El análisis realizado por el investigador responsable del citado proyecto, el profesor José María Madiedo, de la Universidad de Huelva, ha permitido establecer que la bola de fuego se produjo por la entrada en la atmósfera terrestre de un fragmento del cometa Encke a más de cien mil kilómetros por hora.
El impacto tuvo lugar a unos 122 kilómetros de altura sobre el mar Mediterráneo, frente a la costa de Almería, desde donde la bola de fuego avanzó en dirección noroeste, extinguiéndose a unos 63 kilómetros de altura sobre la vertical de la localidad de Pueblo Blanco (Almería).

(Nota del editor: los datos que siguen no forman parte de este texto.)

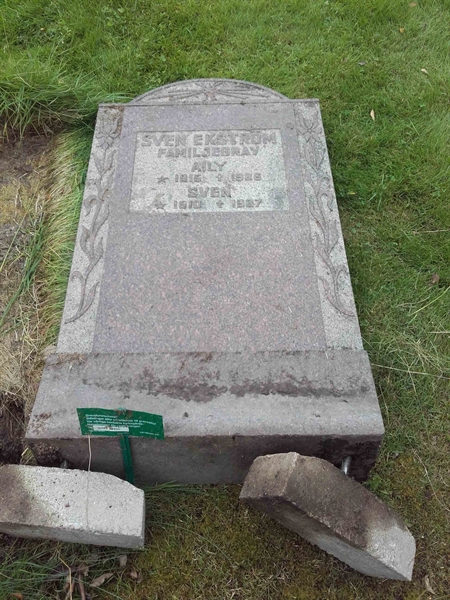 Grave number: KA 08     2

Aunque las nubes cubrían buena parte del sur y centro del país, no impidieron que la bola de fuego pudiera ser vista desde más de 400 kilómetros de distancia, si bien amortiguaron bastante su brillo en algunas zonas.
En España, estos fenómenos fueron captados por varios observatorios adscritos al Proyecto SMART (siglas en inglés de «Spectroscopy of Meteoroids in the Atmosphere with Robotic Technologies»), cuya finalidad es monitorizar continuamente el cielo para estudiar el impacto contra la atmósfera terrestre de rocas procedentes del espacio.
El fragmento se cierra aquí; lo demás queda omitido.